The USS Ballard (DD-267) served in the US Navy for over two-and-a-half decades during the early part of the 20th century, and received two battle stars for valiant service in World War II. She was named for Lieutenant Edward J. Ballard who was killed during the battle between Chesapeake and HMS Shannon in the War of 1812. Ballard was built as a Clemson-class vessel.

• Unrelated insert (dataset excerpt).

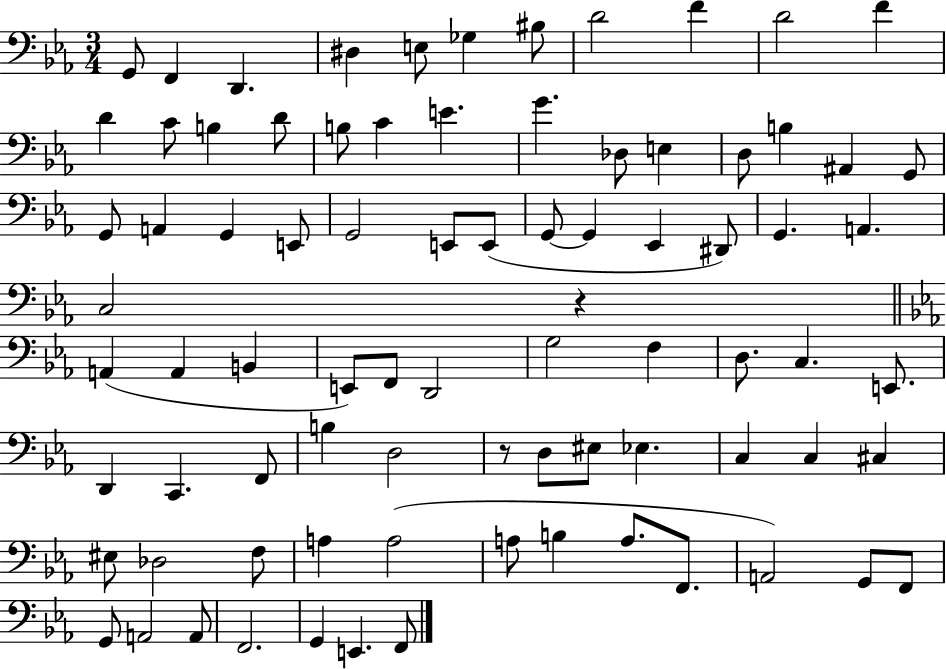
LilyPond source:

Ballard was laid down at Squantum, Massachusetts by the Bethlehem Shipbuilding Corporation in June 1918, launched in December, and commissioned in June 1919 with Lieutenant Commander H.M. Collier in command. Measuring 314 feet five inches in length, Ballard was armed with four 4-inch rapid-fire guns, one three-inch anti-aircraft gun, and twelve 21-inch torpedo tubes. She was driven by Curtis turbines and could travel at a cruising speed of 35 knots.
Ballard was assigned to the Atlantic Fleet and operated off Europe and in the Mediterranean from July 1919 to July 1920, before returning for duty in the United States. The Clemson-class destroyer was moved to the Pacific for fleet exercise and training, and put in reserve at San Diego, California in June 1922. In June 1940, Ballard was re-commissioned and converted to auxiliary seaplane tender AVD-10 in August, and then fully commissioned with Aircraft, Scouting Force, Pacific Fleet in January 1941.

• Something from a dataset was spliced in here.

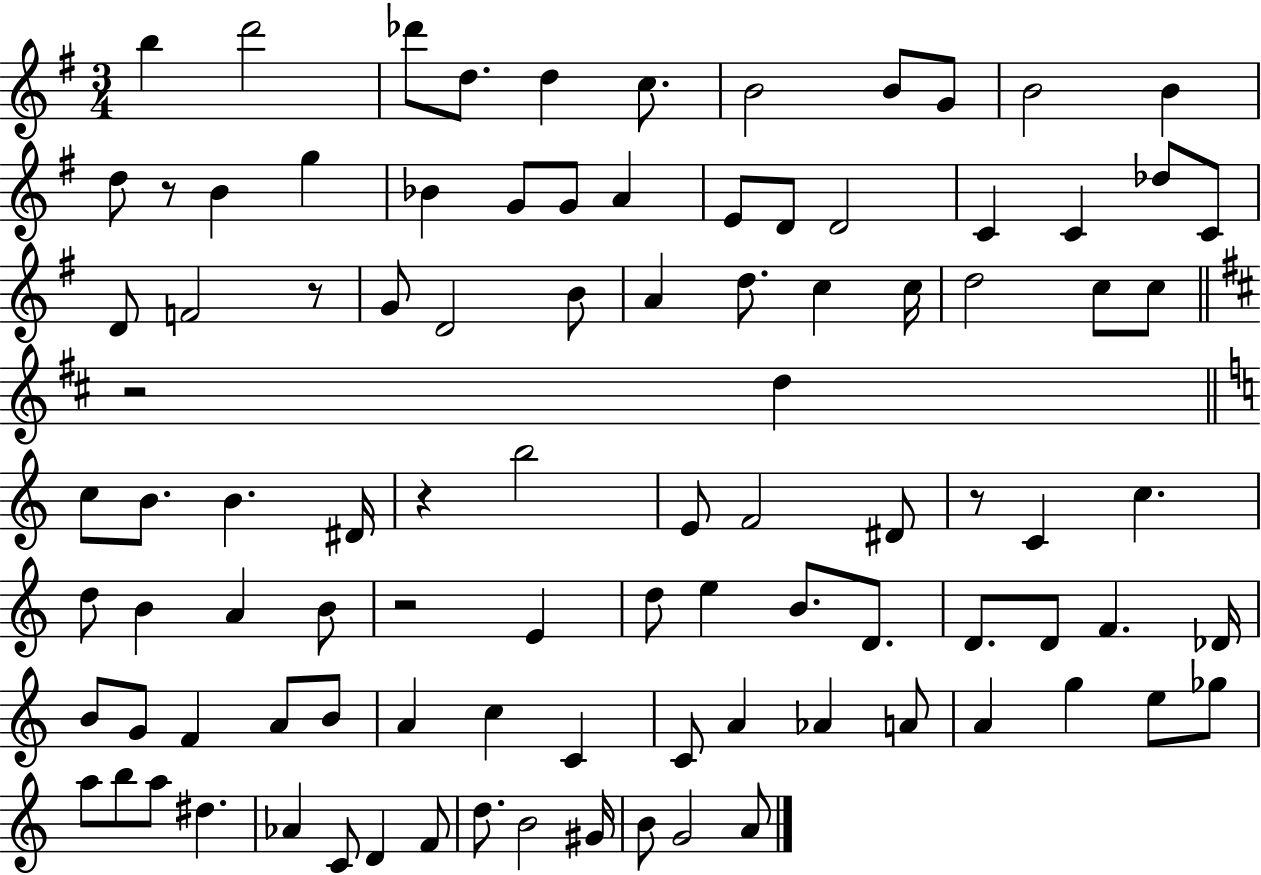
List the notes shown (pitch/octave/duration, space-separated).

Ballard arrived at Pearl Harbor in January 1942 and began patrol plane tender and aircraft buoy laying duties. She also served as a convoy escort and patrol ship in places like Midway, Fiji, Espiritu Santo, Guadalcanal, and New Caledonia in the South Pacific. Ballard returned to San Francisco in November 1943 and conducted plane guard duty off San Diego until May 1944.
Ballard laid aircraft buoys and tended the first patrol squadron at Saipan from June to July 1944, and then patrolled the waters around the Palau Islands from September to December. Following this service, Ballard was then assigned to plane guard duties once again at San Diego. The destroyer underwent pre-inactivation overhaul at Philadelphia, Pennsylvania in October 1945, was decommissioned in December 1946, and sold for scrap in May 1946.
Asbestos Risk on the USS Ballard (DD-267)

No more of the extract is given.